No one in Congress is crying over the plight of lobbyists, nor should the public. The special interests, in fact, have been doing quite well, mainly because of the rapidly growing influence of political action committees (P.A.C.s), which can donate up to $5,000 to candidates for the House and Senate. Their number has grown from about 600 in 1974, when P.A.C.s spent $12 million, to 3,115 in 1980, when they contributed $55 million in campaign funds. P.A.C.s representing everything from giant corporations to labor unions to bird watchers are expected to spend more than $80 million on this year's congressional elections.
As the cost of campaigning grows, so does the dependence of candidates on P.A.C. money. While P.A.C.s contend that their contributions are aimed only at gaining "access" to winning candidates, the militancy of some of these groups often comes disturbingly close to bribery. "Congressmen need the money, and the P.A.C.s have it," says Fred Wertheimer, president of Common Cause, a public-interest lobbying group. "There should be lobbying, but the bigger bucks often win, regardless of the merits." The twelve members of the House Health and the Environment Subcommittee who voted last month for a measure that would weaken the Clean Air Act had received seven times more campaign money (an average of $25,000 each) from industry-backed P.A.C.s than the eight members who opposed the bill.

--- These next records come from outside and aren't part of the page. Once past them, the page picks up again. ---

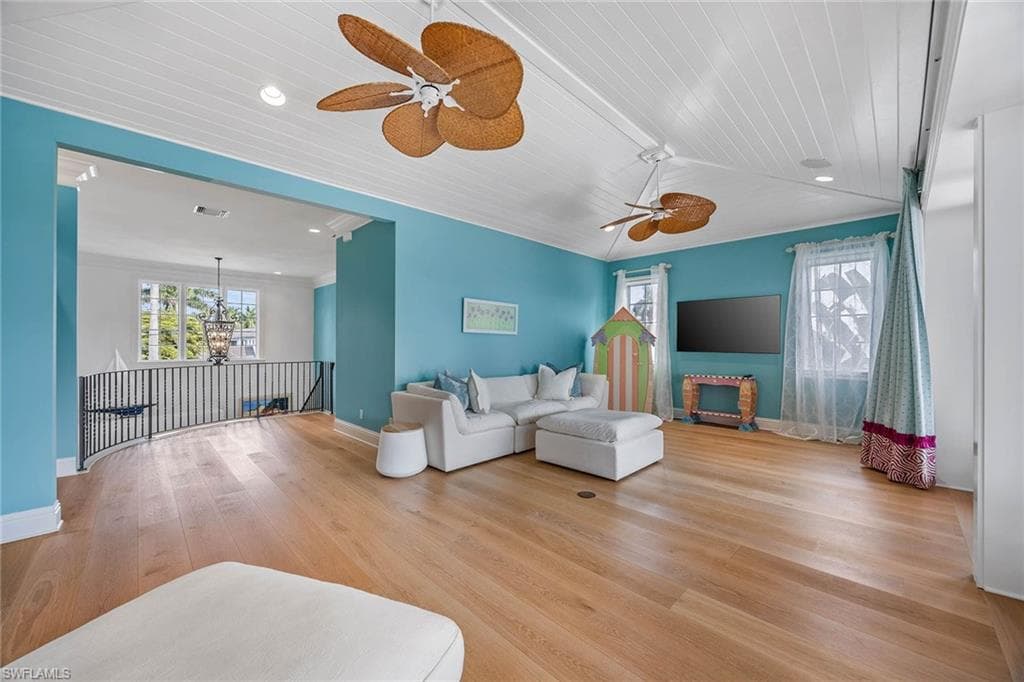 636 14th AVE S, NAPLES FL 34102-17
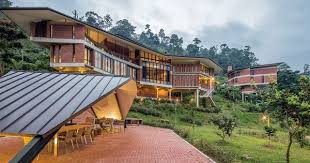 I nærheden af genting highlands forlystelsespark. This House Is As Undulating As The Hills It Sits Among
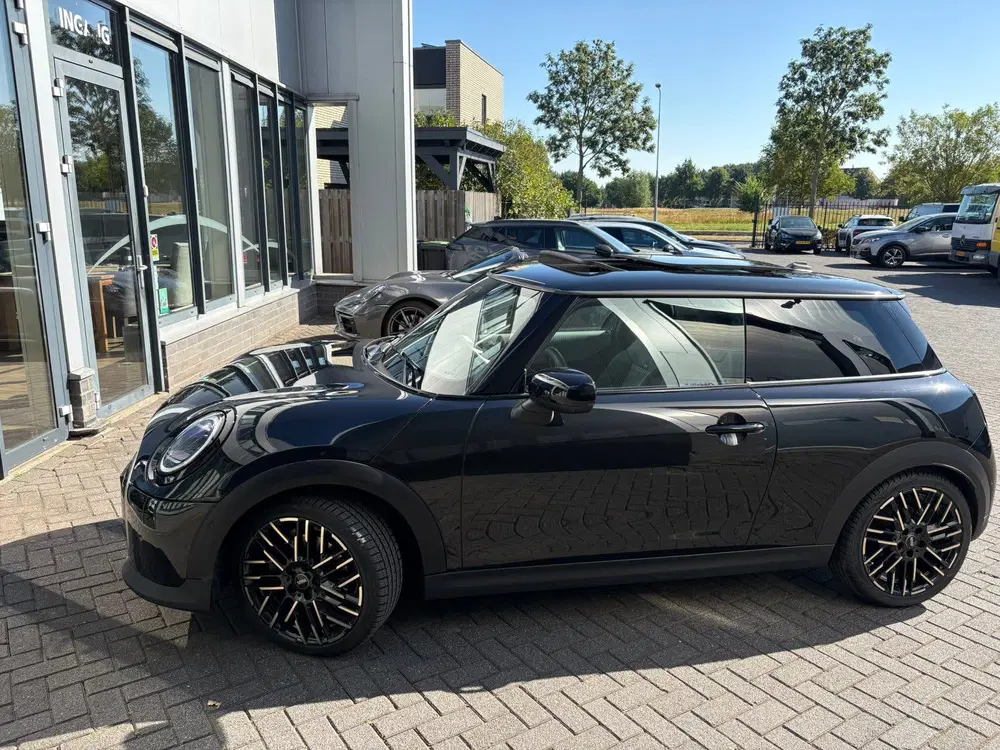 Mini Cooper 1.5 156pk Aut 2024 Zwart uit 2024, foto 5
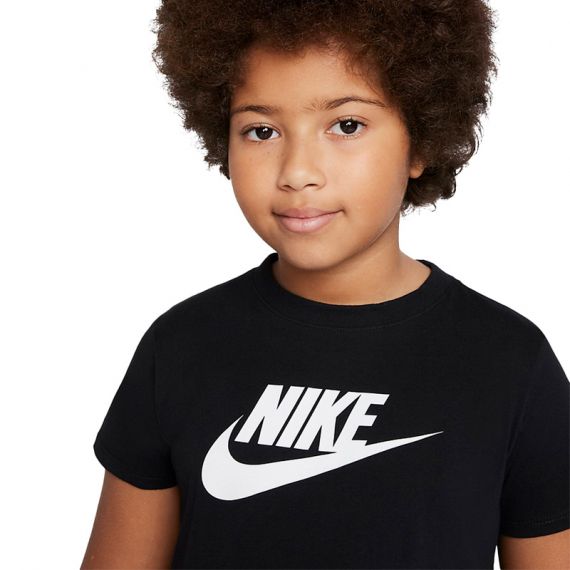 Футболка Nike G NSW TEE CROP FUTURA DA6925-012, Колір: чорний, Розмір виробника: 128-137, зображення 3 Футболка Nike G NSW TEE CROP FUTURA DA6925-012, Колір: чорний, Розмір виробника: 128-137, зображення 3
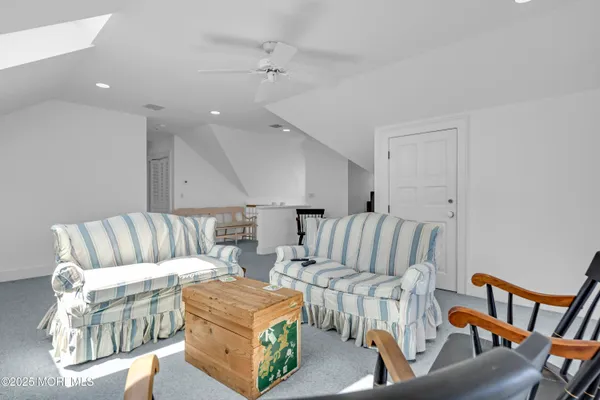 $9,500,000 | 634-640 East Avenue, Bay Head, NJ 08742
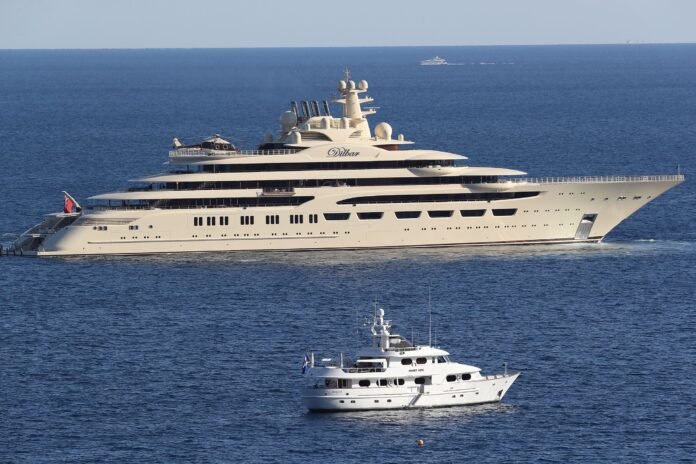 Bloomberg: Superyachts From Around The World Gather In The Caribbean For Luxury Parties KXan 36 Daily News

Such carefully targeted money, as well as the outpouring of mail on special-interest bills by well-financed lobbying groups, especially unnerves the newer members of Congress. Older hands, in fact, scoff at many of the new legislators as "bed welters with blow-dry hairdos." Contends one House Democratic leader: "The new breed are scared of their shadows. They want to do what's immediately popular rather than what will work."
One result of pressure-group politics is that bills with wide but diffuse popular support repeatedly die in the nervous Congress. At least 75% of Americans favor the registration of handguns, but members of Congress, terrified by the 1.8 million-member National Rifle Association, will not pass such legislation. The rising cost of health care is severely straining federal and state budgets, but lobbying by the American Medical Association shut down a bill proposed by Carter that would merely have put a cap on the exorbitant increases in rates charged by hospitals.